Let me tell a little back story. I was quite a financially irresponsible adult, before meeting my husband (which meant into my 40's). I spent recklessly, did not save, did not always pay important bills like car insurance and even rent a time or two.  After we married, I continued for a few years to be a bad money manager. Putting lots on credit cards for foolish purchases.  DH spent a lot of time and money to help me bail out. Brother did help once.  I gambled too..on lottery tickets.  

Long story short, after several threats of divorce, and therapy, I have righted the boat and have us back on track.   That being said, THIS is why we do not have a lot in savings.  I had to retire 3 years before planned, so my payroll deduction of $200 a month into MY pension stopped early.

Se we have spent two days going back and forth over how little we have and still no suggestion of who to put our money with.   I have crying, anxious and much more over this.
*


----------



## Lon (May 8, 2018)

Check VANGUARD


----------



## Marie5656 (May 8, 2018)

Lon said:


> Check VANGUARD



Thanks, Lon. I will look into it


----------



## helenbacque (May 8, 2018)

Forget about what your brother has.  For some people, enough is never enough.  

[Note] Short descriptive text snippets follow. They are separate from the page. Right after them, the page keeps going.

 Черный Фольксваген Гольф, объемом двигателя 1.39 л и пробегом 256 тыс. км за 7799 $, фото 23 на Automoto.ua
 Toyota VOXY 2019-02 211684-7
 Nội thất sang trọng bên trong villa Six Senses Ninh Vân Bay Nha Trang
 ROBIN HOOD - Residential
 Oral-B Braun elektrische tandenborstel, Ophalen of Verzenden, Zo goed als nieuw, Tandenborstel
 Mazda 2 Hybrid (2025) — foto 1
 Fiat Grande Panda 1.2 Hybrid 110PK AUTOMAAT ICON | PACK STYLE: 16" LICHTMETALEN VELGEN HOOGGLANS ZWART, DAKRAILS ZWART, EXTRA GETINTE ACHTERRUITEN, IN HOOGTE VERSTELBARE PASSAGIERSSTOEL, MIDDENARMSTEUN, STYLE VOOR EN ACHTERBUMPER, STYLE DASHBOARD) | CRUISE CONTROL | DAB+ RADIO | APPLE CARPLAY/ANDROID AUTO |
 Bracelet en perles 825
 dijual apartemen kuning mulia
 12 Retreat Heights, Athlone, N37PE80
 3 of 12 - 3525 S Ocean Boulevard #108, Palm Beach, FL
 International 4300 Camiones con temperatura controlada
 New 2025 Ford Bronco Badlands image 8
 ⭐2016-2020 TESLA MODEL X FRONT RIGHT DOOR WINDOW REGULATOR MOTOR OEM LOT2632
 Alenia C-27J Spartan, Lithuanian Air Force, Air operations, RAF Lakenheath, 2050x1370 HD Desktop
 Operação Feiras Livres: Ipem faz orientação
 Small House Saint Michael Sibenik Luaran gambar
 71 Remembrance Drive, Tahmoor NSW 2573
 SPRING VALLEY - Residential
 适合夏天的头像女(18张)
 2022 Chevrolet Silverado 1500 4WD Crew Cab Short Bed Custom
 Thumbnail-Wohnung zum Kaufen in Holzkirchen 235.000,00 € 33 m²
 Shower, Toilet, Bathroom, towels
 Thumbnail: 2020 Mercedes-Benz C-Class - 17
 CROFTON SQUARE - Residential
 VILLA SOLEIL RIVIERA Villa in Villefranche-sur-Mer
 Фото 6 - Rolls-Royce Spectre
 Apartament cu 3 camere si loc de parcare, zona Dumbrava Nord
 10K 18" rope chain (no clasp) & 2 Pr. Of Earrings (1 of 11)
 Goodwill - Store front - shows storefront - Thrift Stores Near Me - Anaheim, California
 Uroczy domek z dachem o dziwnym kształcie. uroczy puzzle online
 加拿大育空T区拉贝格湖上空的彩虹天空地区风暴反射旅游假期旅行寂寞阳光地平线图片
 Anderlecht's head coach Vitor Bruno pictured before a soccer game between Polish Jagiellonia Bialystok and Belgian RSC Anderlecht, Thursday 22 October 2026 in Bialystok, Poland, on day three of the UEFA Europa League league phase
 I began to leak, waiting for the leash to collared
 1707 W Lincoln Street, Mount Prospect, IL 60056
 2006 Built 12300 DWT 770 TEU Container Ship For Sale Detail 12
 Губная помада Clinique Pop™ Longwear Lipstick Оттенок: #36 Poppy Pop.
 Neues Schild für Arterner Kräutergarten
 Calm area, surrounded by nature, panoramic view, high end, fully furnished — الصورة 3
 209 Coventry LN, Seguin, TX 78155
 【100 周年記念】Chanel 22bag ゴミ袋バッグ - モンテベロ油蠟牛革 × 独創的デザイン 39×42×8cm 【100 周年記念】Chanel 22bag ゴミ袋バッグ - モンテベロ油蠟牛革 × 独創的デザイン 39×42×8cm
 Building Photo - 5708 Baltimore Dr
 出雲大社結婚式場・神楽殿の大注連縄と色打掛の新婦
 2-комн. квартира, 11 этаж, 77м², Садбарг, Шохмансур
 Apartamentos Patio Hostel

Life isn't about winning or losing.  It's about having a life that is well lived.  It sounds as though you are in a good place now.  Enjoy it


----------



## Aunt Bea (May 8, 2018)

Don't worry about your brother, we all have those moments that go all the way back to our childhood relationships. 

We all have to start where we are and in this case, the who is not as important as the what.

The biggest question is what your savings are going to be used for and when you will need them.

If you will not need the money for several years I would look for a no-load balanced fund or broad-based index fund with one of the major brokerage houses.

If you will need the money to help with day to day expenses over the next few years I would divide it up and put it into a ladder of CDs with one coming due each year.

There are lots of options in between. The important thing is being honest with yourself about what your needs are and your tolerance for risk vs reward.

Also be very careful to follow the instructions provided by the brokerage house on how to move the IRA money without triggering penalties or taxes.

I use Vanguard, Columbia Threadneedle, and VOYA for no particular reason, IMO any of the big names are fine for the average person.

Good luck!!!


----------



## Lethe200 (May 8, 2018)

Please don't stress out. This happens to many people. Aunt Bea has given you very good advice. I would just add a couple of things:

- Do NOT forget to budget for healthcare costs (which go up as you age, NOT down). Be prepared for emergency expenses: new tires on the car, an appliance dies, etc. - yes, you need a savings acct even in retirement. Put a little aside every month; every bit helps.

- If you are managing your own portfolio distributions, make sure you understand the difference between a LIFO and a FIFO sale. I can't get any quick info on whether the new tax laws have changed this, so assume they have not changed, just in case. You can read an explanation here: https://www.fool.com/knowledge-center/how-to-sell-stock-with-fifo-or-lifo.aspx

+++++

Also, please cut your brother a bit of slack. Not a lot, he did stick his foot in his mouth, but do understand that high-level investment advisers are just that - they have a minimum requirement for taking clients. The CFP I worked for did not take clients who had less than $500K investable assets. Net worth didn't matter. There are advisers who have no minimum requirement, but probably the one your brother uses _does have an MR._My own adviser does, too. 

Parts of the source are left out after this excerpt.